Sennonché, nei precedenti richiamati dalla decisione, la tutela della vita non si riconnette mai alla vera questione sottesa al quesito referendario, ossia: il diritto penale deve proteggere il bene oltre le offese provenienti da terzi e fino a punire le condotte di aiuto a morire invocate dal titolare della cui vita si tratta anche se capace di assumere una decisione libera e consapevole? E in nome di quali prevalenti valori costituzionali può giustificarsi un’ingerenza così profonda nella sfera esistenziale umana?
Perché qui è il punto: la Corte enuncia implicitamente che siamo al cospetto di un’incriminazione costituzionalmente necessaria; benché essa stessa – in occasione del giudizio di inammissibilità del referendum sulla legge che disciplina l’interruzione volontaria della gravidanza – avesse affermato, in un obiter finale della sentenza (n. 35/1997): «è dubbio in via generale se la Costituzione, al di là di imperativi specifici, contenga o possa contenere obblighi di incriminazione, che è quanto dire obblighi di protezione mediante sanzione penale, di determinati interessi costituzionalmente protetti».

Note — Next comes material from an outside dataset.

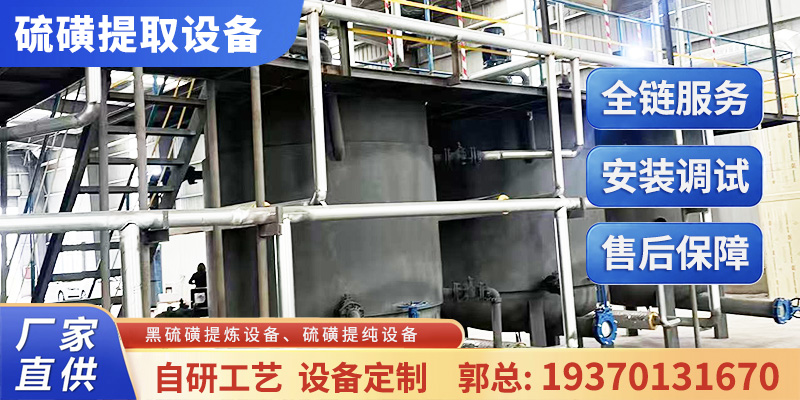 沈阳市黑硫磺提纯设备黑硫磺除杂提纯设备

Sempre dall’insegnamento della Corte, che dobbiamo ad altri precedenti richiamati nella sentenza n. 50/2022, apprendiamo che le leggi costituzionalmente necessarie, in quanto «dirette a rendere effettivo un diritto fondamentale della persona», «non possono essere puramente e semplicemente abrogate, così da eliminare la tutela precedentemente concessa, pena la violazione diretta di quel medesimo precetto costituzionale della cui attuazione costituiscono strumento», ma «possono essere dallo stesso legislatore modificate o sostituite con altra disciplina». Tuttavia, l’art. 579 c.p., nella parte oggetto di richiesta referendaria, non può considerarsi norma diretta a “rendere effettivo” un diritto fondamentale della persona. Non sono certo i divieti penali che comprimono la libertà personale a rendere effettivo il diritto alla vita, semmai piuttosto le leggi civili che regolano il “vivere”.

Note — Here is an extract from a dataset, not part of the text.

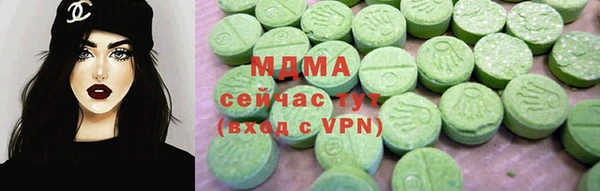 амф Вязники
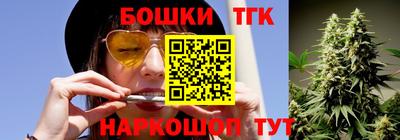 ECSTASY Партизанск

Sorge dunque il dubbio: la normativa sottratta alla consultazione popolare offre una tutela “minima” o “massima” del bene vita?

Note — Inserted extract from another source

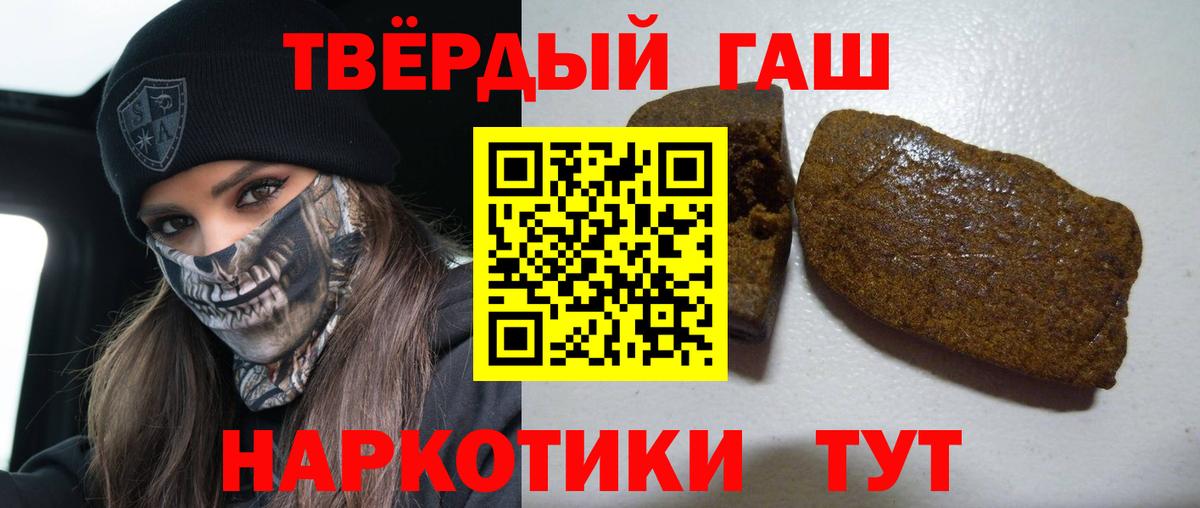 Тара  Гашиш Cannabis  Вход с VPN  ГАШИШ индика сатива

L’art. 579 c.p., nella parte che il quesito considerava a fini abrogativi, rappresenta una cintura protettiva per le persone fragili o una camicia di forza per chiunque?
È scopo precipuo del diritto penale impedire alla persona umana decisioni libere e consapevoli sulla propria vita e la propria morte? O la pretesa punitiva statale dovrebbe rivolgersi esclusivamente alle offese esterne reagendo agli attacchi non richiesti, né voluti, alla vita (altrui)?
A mio avviso, la normativa che sarebbe scaturita dall’abrogazione referendaria preservava il nucleo costituzionalmente irrinunciabile della tutela della vita mantenendo ferma la punibilità del fatto se commesso contro un soggetto non in grado di esprimere una volontà ferma, lucida e consapevole.
L’assetto normativo attuale, invece, sacrifica ingiustificatamente il diritto di essere sé stessi proprio in quel delicatissimo frangente che esaurisce l’esistenza umana nel quale ciascuno dovrebbe poter esprimere la propria identità personale, culturale e valoriale costruita in un’intera vita.
Una decisione politica, dunque, che lascia insoddisfatti bisogni impellenti che dal corpo sociale cercano di far riemergere il senso più autentico e profondo della parola Eu-thanasìa.